I listened to music on a transistor radio. I slept. The line of sun beneath my door changed colors and receded. I read from old magazines I had collected for photos they contained of places I had been. The Taj Mahal under a full moon, standing out clear and bright as if it had been painted onto the night. It looked more a ghost than those the guards claim to see dancing in the gardens. I heard Asha and Anita eating dinner in the common room. To listen to the sounds of plates and bowls shifting, spoons rubbing against steel, Anita's high-pitched voice meeting Asha's and to lie on my cot in my dark room made me feel buried alive.

In the middle of the night, once Anita and Asha were asleep, I left my room and went onto the balcony. Dust was a lid for the city's lights and made the sky's gradual curve clear. I stood there for nearly an hour. The squatter colony was silent, except when someone got up and creaked the hand pump for a drink of water.

I thought of admitting everything to Anita and begging forgiveness. But I felt no more capable of honesty now than when I had shut the windows to keep the neighbors from hearing her screams. I also believed that Anita was no longer willing to exchange confession for pardon. I thought this because Anita had begun telling Asha numerous lies which appeared unnecessarily extreme, and this implied indifference to the future.
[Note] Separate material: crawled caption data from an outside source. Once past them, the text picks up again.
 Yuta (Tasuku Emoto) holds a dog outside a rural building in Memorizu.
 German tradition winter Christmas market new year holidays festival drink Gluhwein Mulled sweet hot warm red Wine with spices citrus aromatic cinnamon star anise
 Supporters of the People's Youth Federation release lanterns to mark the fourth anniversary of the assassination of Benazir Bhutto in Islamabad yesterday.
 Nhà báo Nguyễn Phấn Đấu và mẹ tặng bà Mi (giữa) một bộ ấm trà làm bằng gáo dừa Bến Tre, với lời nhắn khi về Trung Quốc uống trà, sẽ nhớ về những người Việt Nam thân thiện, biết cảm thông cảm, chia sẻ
Anita had told Asha I was sick and that the sickness had come about because of sinful things I had done. Anita claimed her squeak was caused by my disease and that she did not know if she would ever improve. She also informed the child that I was disgusted with Asha because she was a burden on me. I had heard all these things over the last few days because Anita said them in the common room, intending, I understood, for me to hear.

I stayed on the balcony for hours. At maybe two or three in the morning, far away in the dark, a box kite with a burning candle inside rose and hovered. It was pulled down near dawn, and then I went back to my room.
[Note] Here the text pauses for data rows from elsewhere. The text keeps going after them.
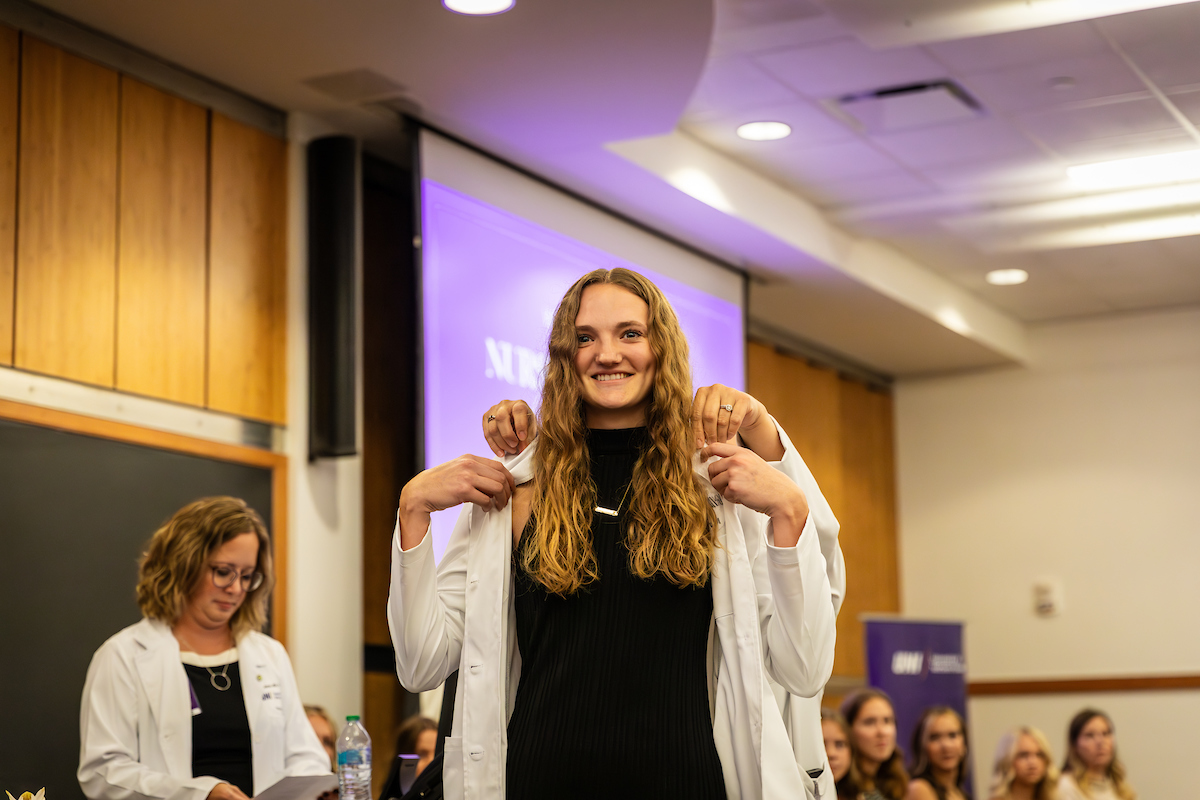 UNI BSN student putting on white coat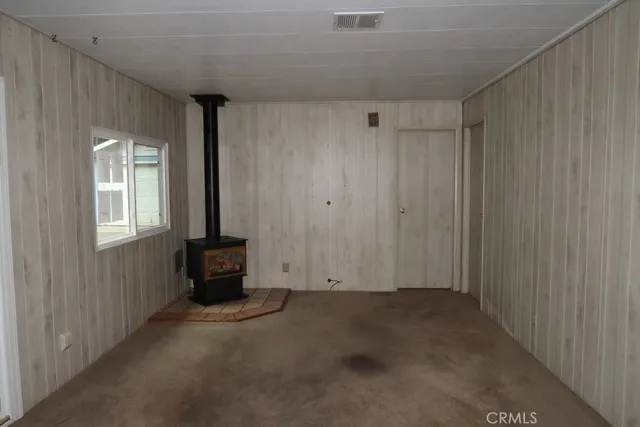 a view of a kitchen with white cabinets and refrigerator
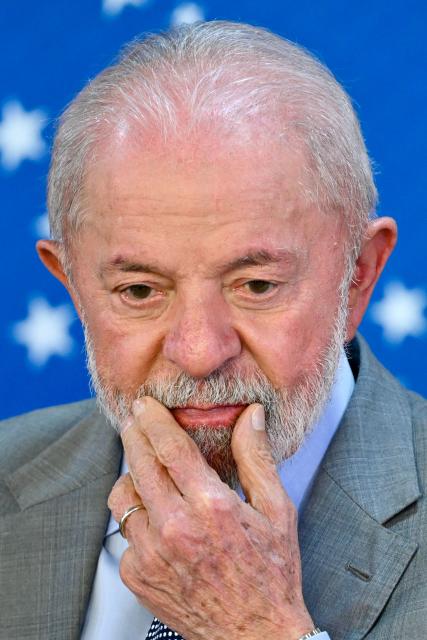 Brazilian President Luis Inacio Lula da Silva gestures during the launch of a program to support taxi drivers at Planalto Palace in Brasilia on July 14, 2025. Luis Inácio Lula da Silva instructed his vice president and minister of industry and trade, Geraldo Alckmin, to form a commission with the sectors most affected by the 50% tariffs imposed by US President Donald Trump to negotiate with the US government in an attempt to prevent the tariffs from coming into effect on August 1. (Photo by EVARISTO SA / AFP)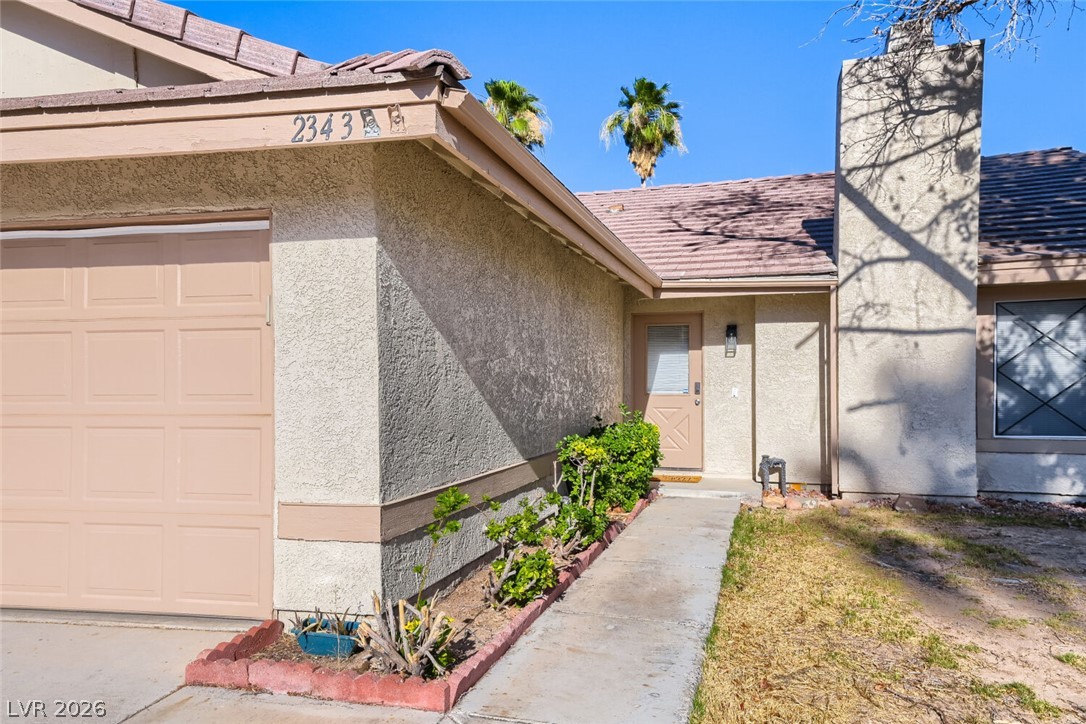 2343 Valleywood Road Henderson, NV 89014 - Photo 3 of 29 A classic stucco home with an attached garage and a neatly maintained walkway.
In the morning I listened to Rajiv Gandhi's funeral on my radio.

There was a biography of the Nehru family and then one of Rajiv Gandhi. Friends of Rajiv Gandhi and important politicians like Nelson Mandela were interviewed. There was a long period when the commentator merely described who was passing through Rajiv Gandhi's residence on Janpath and stopping and praying before the mound of flowers that buried his casket. Anita and Asha listened to something similar on the television. They periodically left the living room, but the television stayed on, as if it were a prayer lamp which, even after the prayer is over, must be allowed to burn itself out.

Rajiv Gandhi had always struck me as sly and somewhat stupid. He had dignity only in relation to his opponents, because they were completely shameless. Yet by eleven, when the body was placed on the back of the army truck and carried to the crematorium at five kilometers an hour, bereavement had overcome me.

When the funeral pyre was lit, I felt such a sense of ending that I opened my door and walked into the living room, where Anita and Asha sat silently together on the two love seats watching television. It was about three-thirty.

"Are you better?" Asha asked.

"I'm still sick," I said immediately and without thinking. I sat down on the bed. When I did not say anything else, Asha concentrated again on the screen. Anita's eyes never left the television.

The pyre shook smoke into the sky. I covered my face with my hands.

"Nanaji," Asha said to me.

She must have touched her mother, for Anita screamed, "Let go."

I removed my hands and saw Anita glaring at me. Asha now faced the television. "When Rajiv Gandhi was collecting his mother's ashes from the pyre, he kept finding bullets," I said, wanting to hide the fact that we were causing each other's misery. "She'd been shot so many times the doctors couldn't remove all the bullets." Asha sobbed. Anita pinched the back of Asha's neck and Asha began crying with her shoulders pulled up.

"What are you crying for? Who is Rajiv Gandhi to you? Would you cry for me if I died?" Asha looked up at her mother. "Lower your shoulders." Anita twisted the skin she gripped. When Asha dropped them, Anita let go. Her actions were so extreme, I wondered if Anita was merely out of control or whether she wanted Asha to be afraid of her so that Asha would obey her and not come near me and my contagion.